First the question ask me to verify that $v^2=u^2-\frac{2gR}{1\:+\:\frac{R}{h}}$ which I did successfully. Then the question ask me to determine the minimum launch velocity $u$ for the probe to escape the planet's gravity.
I am not sure how to mathematically represent this information. Since it is asking for the "minimum" could it be using derivative $=0$? But this doesn't make sense. Then Could it be $u^2 >\frac{2gR}{1\:+\:\frac{R}{h}}$?
FYI the answer is: $u\:=\:\sqrt{2gR}$
 A: I believe the approach for this type of "escape velocity" problem is to take the height, $h$, to be $\infty$ and the velocity, $v$ to be zero at this height.

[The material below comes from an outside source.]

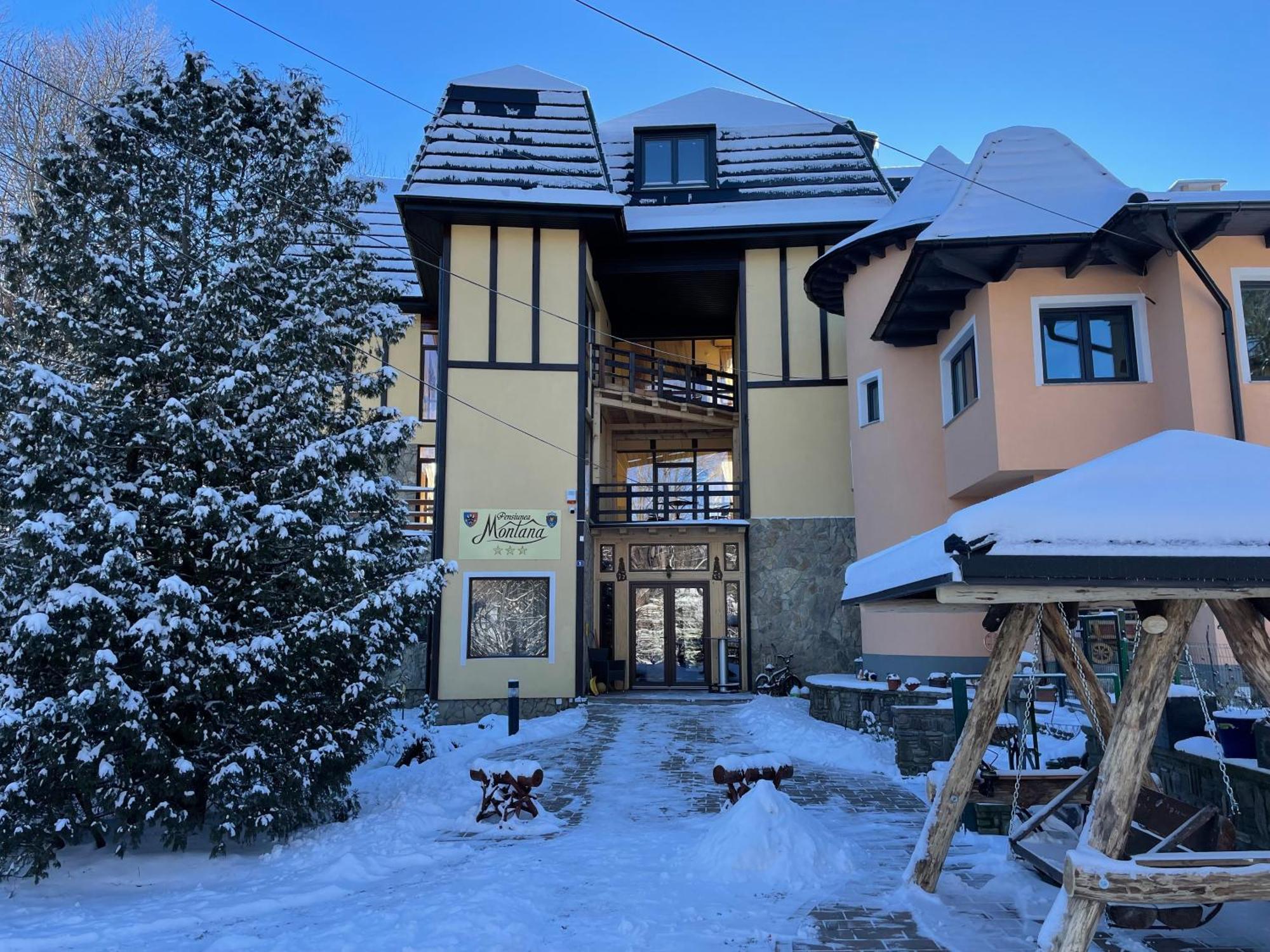 Hotel Montana Sucevita Exteriér fotografie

If you take the expression for $v^{2}=u^{2}-\frac{2gR}{1+\frac{R}{h}}$ and solve for $u^{2}$ under these conditions, you should obtain the result in question.  In particular:
$$
0=u^{2}-2gR \rightarrow u^{2}=2gR \rightarrow u=\sqrt{2gR}
$$
because as $h\rightarrow \infty, 1+\frac{R}{h} \rightarrow 1$
I hope this helps.
A: I will address the question about $ v=0 $ at $ h= \infty$ because I think the other part got answered already. Consider this analogy, suppose you have a car and you fuel it for a journey of thirty kilometres, then after you reach the point 30 kilometers, the engine will slowly come to a hault.
Similarly, in this case, we can think of the kinetic energy as the 'fuel' of our satellite. As it moves more and more outwards from space, the kinetic energy depletes but the good thing is that even if it depletes kinetic energy, as it gets further and further away the pull of earth reduces. So, image it's like a large 'vacuum cleaner' trying to suck the earth in, if the car uses the fuel and gets farther and farther away, it's not easy for the giant vacuum cleaner to suck the car in.

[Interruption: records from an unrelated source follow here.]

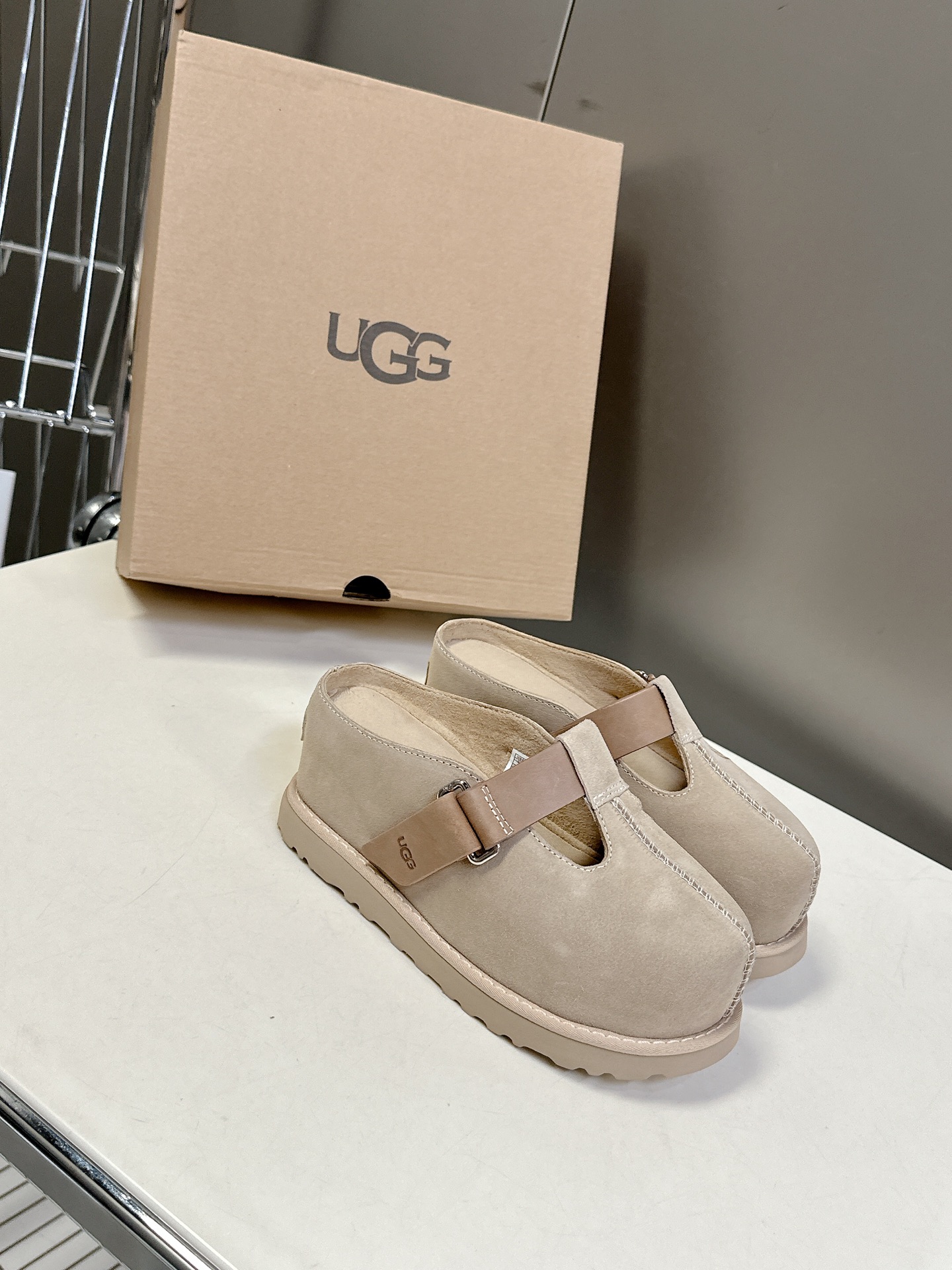  UGG春夏最新松糕厚底拖鞋
      一款不会撞衫的鞋子、简约的隔板设计鞋面高丝光磨砂皮 春夏必备款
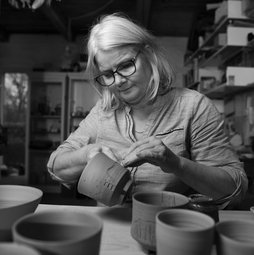 Galleri Visby Sommerudstilling 2021 - keramiker Helle Bovbjerg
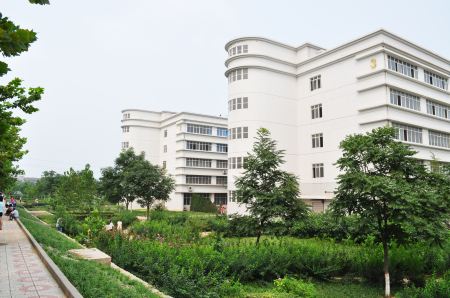 石家莊華能電力中等專業(yè)學(xué)校有哪些交通相關(guān)專業(yè)？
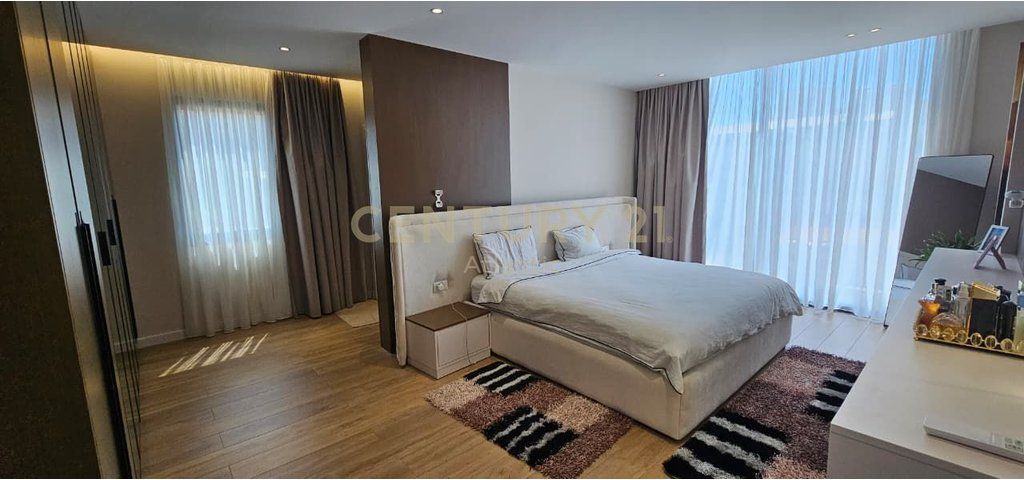 MODERN VILLA FOR SALE 3 FLOORS - RROTA E KUQE BEACH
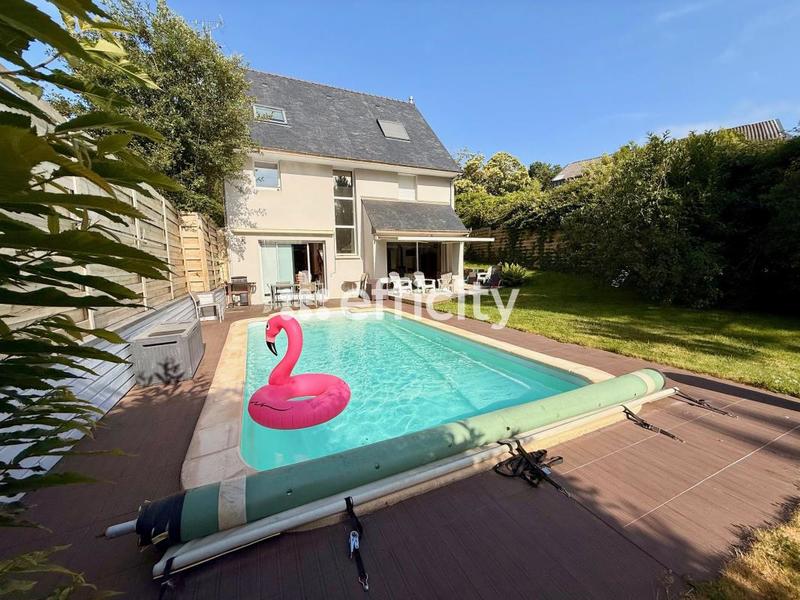 Maison - 165 m² - 7 pièces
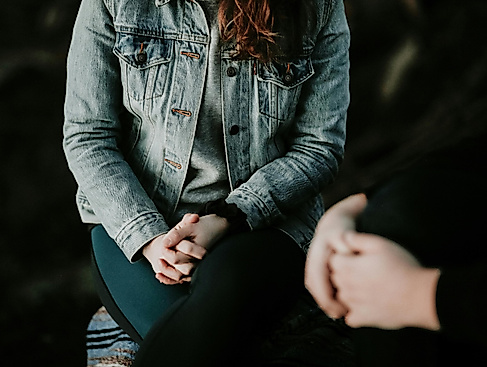 SIMONA HEINZE: Heilpraktikerin für Psychotherapie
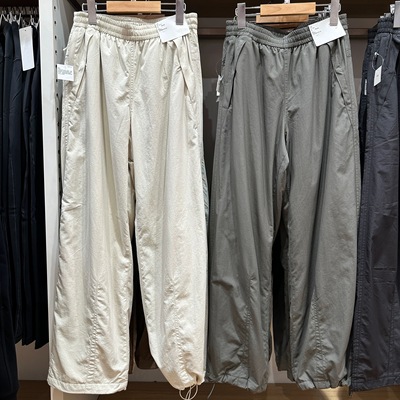 日单男女冬季新款加绒加厚阔腿裤女防风防水伞兵裤束脚长裤479402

So, here, the object would lose some energy as it goes to infinity. To find this energy, consider the minimum case, say that all the fuel is depleted in it's journey to infinity. We have enough equations to find relation between kinetic and potential energy if all of it's energy is depleted in journey to infinity, subtracting this from the actual kinetic energy (fuel of the body) from the starting amount ( fuel initially) we will get the fuel remaining after it crosses infinity. But we usually don't care much about the second part!